## Work instruction
Below are lines of records; copy exactly those from the one containing "OEM Buick Enclave" through the one containing "Parfums De Marly", leaving the pictures behind.

## Material for this exercise
========================

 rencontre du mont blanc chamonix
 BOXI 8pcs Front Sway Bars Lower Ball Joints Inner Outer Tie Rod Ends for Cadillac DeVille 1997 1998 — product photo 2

========================

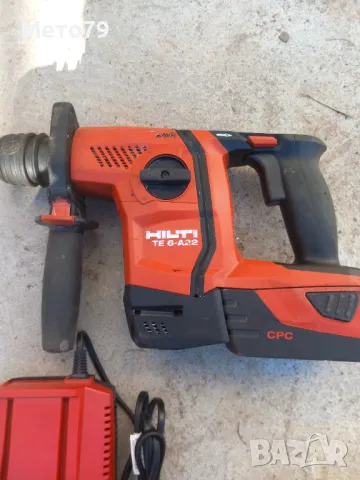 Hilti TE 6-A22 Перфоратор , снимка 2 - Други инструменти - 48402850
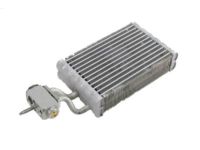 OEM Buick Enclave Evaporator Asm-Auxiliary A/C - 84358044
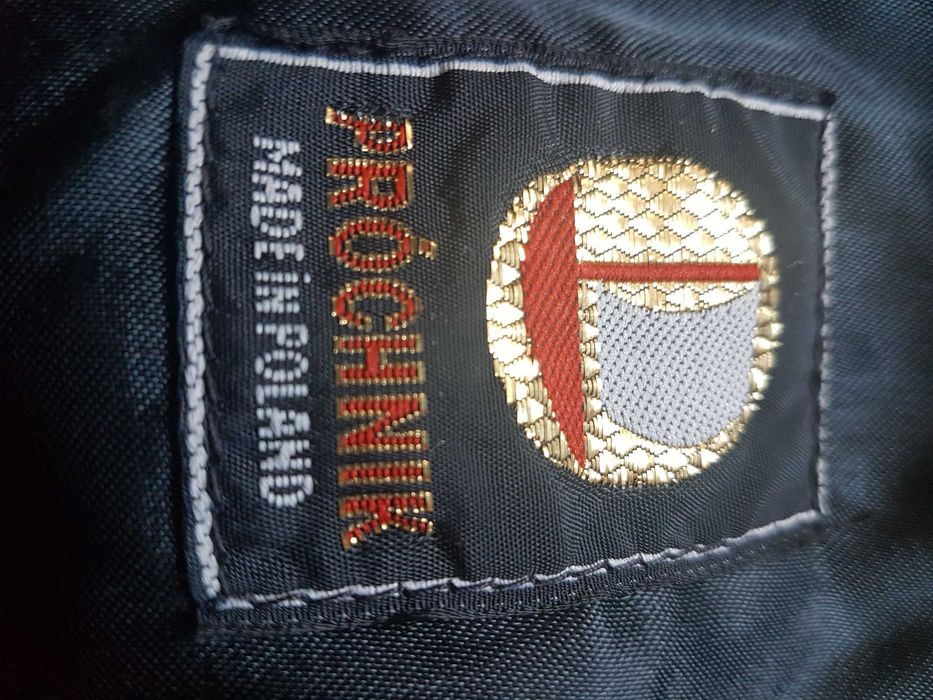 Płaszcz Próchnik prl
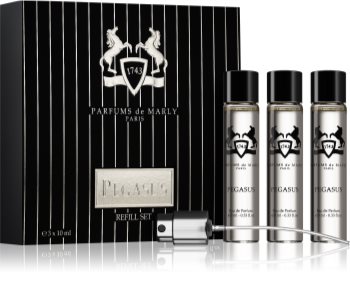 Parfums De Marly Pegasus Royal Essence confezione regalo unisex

========================

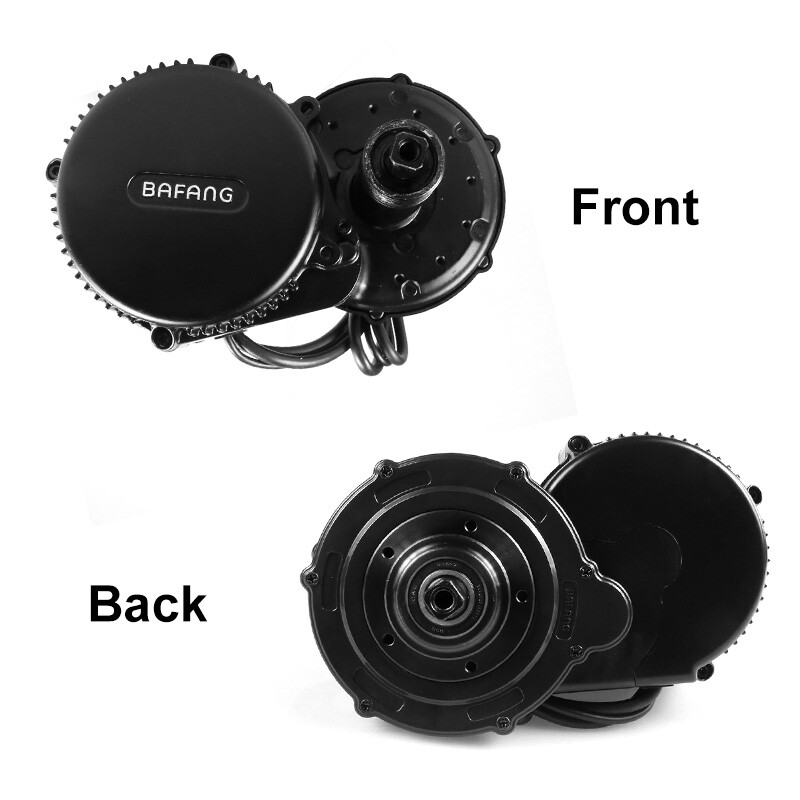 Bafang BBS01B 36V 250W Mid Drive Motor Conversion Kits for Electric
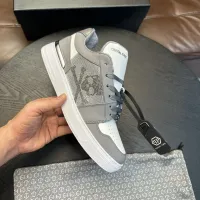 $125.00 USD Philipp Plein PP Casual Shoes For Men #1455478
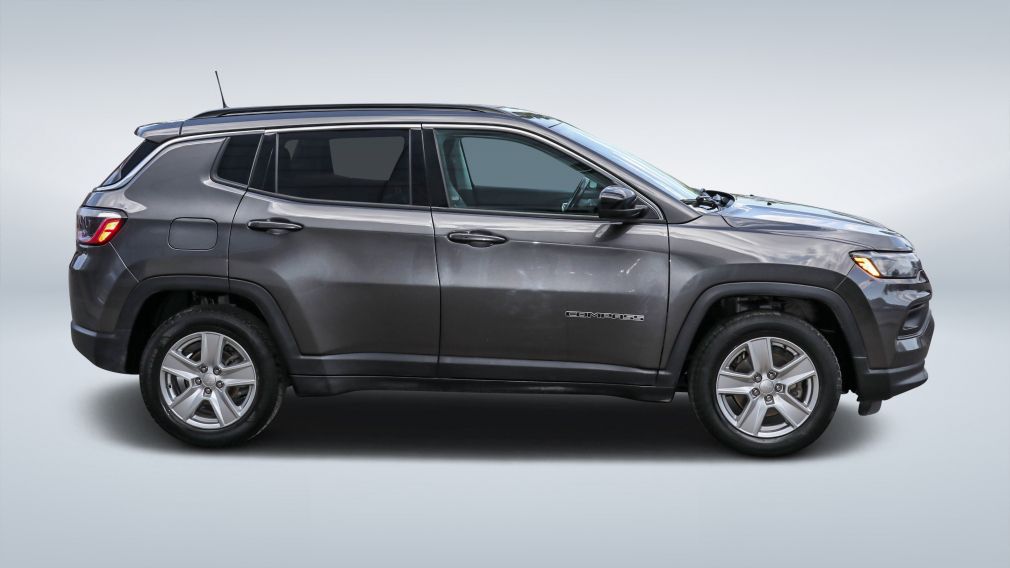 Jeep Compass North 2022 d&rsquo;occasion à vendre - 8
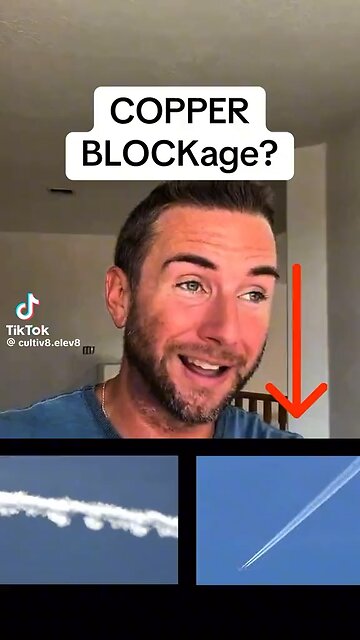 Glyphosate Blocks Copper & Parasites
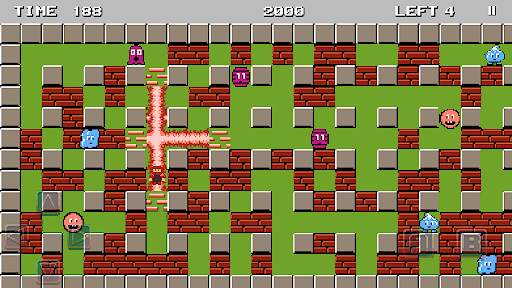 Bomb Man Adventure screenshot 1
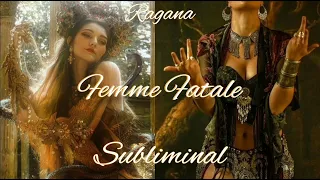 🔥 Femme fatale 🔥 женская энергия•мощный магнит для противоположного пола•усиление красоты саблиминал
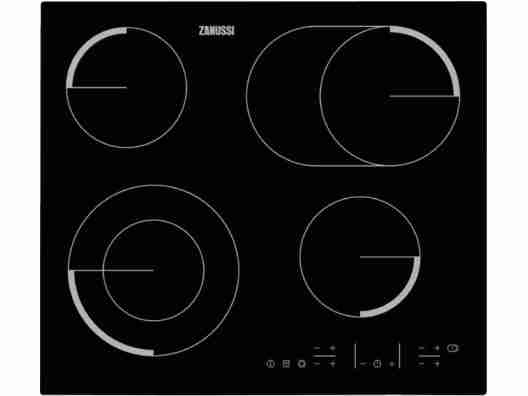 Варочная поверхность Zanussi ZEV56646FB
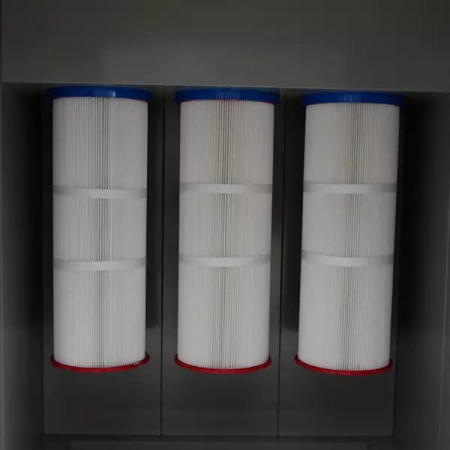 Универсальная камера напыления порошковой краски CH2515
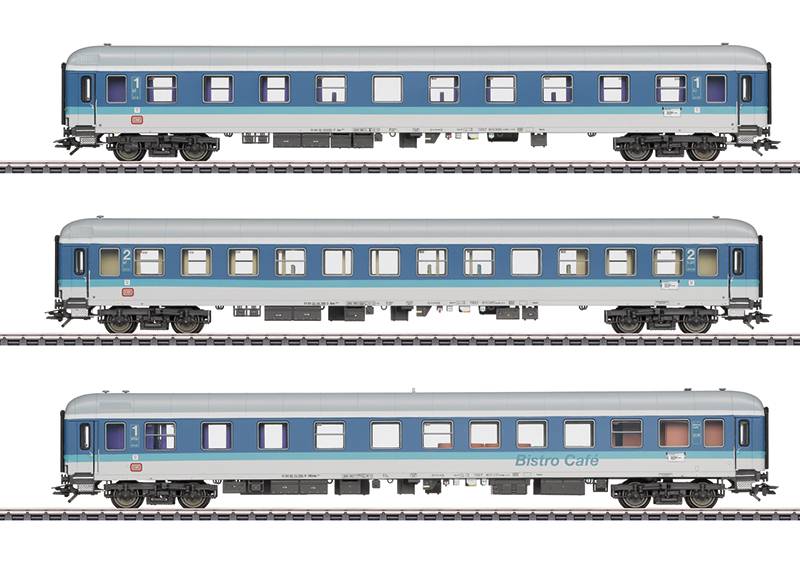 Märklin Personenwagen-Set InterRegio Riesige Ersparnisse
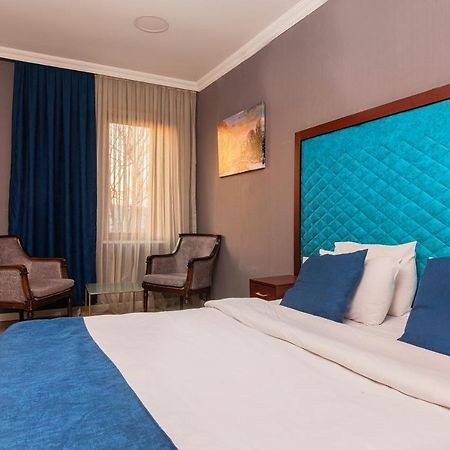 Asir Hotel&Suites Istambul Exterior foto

========================

## Task result
 OEM Buick Enclave Evaporator Asm-Auxiliary A/C - 84358044
 Płaszcz Próchnik prl
 Parfums De Marly Pegasus Royal Essence confezione regalo unisex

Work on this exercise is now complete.